ASSIGNMENT>
For the listing below, the answer is an exact retyping of the lines from the one with "Штурм песчанных и" through the one with "Blue Summit Cottages - Kempsey Accommodation", both included, without pictures.

DATA TO EXAMINE>

•••••

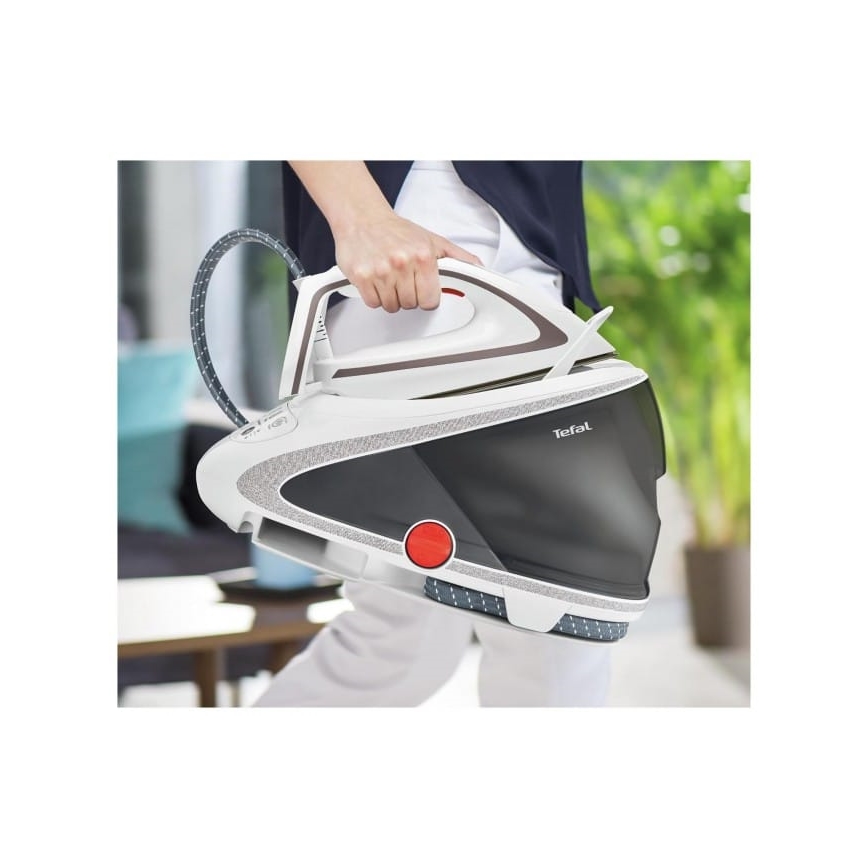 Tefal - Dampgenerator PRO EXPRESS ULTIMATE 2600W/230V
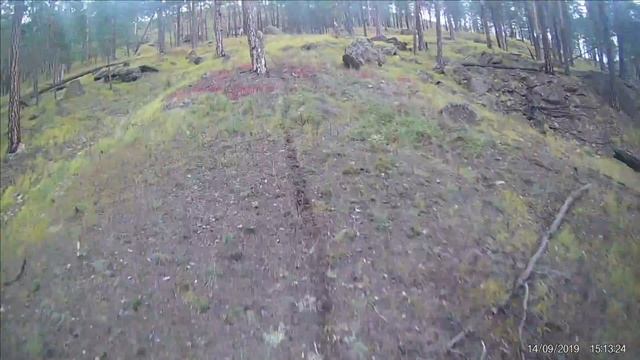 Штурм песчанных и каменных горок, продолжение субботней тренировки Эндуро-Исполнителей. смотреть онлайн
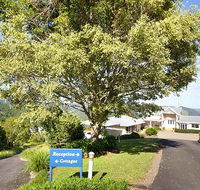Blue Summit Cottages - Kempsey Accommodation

•••••

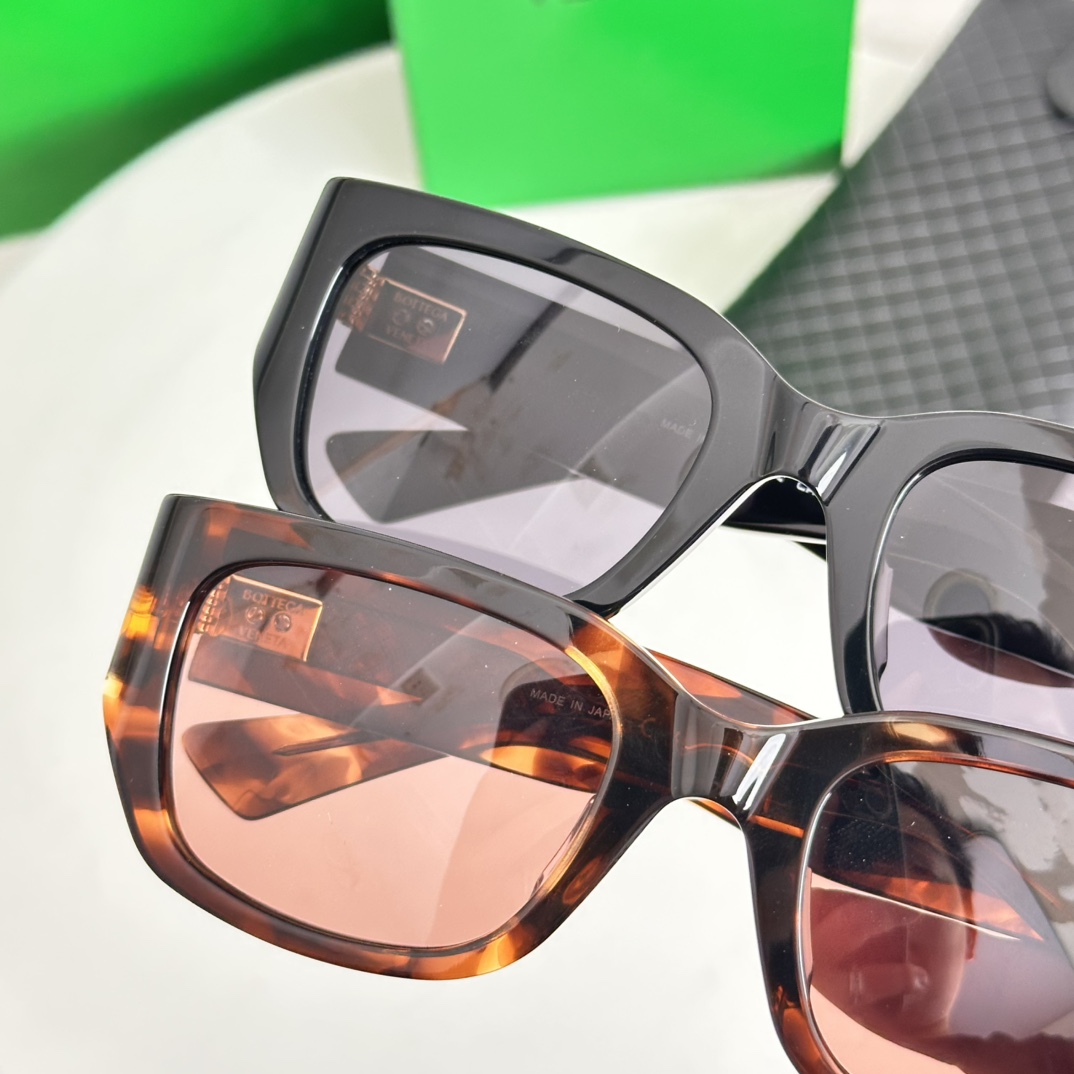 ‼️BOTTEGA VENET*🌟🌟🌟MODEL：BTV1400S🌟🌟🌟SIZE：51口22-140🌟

•••••

RESULT OF THIS EXERCISE>
 Штурм песчанных и каменных горок, продолжение субботней тренировки Эндуро-Исполнителей. смотреть онлайн
Blue Summit Cottages - Kempsey Accommodation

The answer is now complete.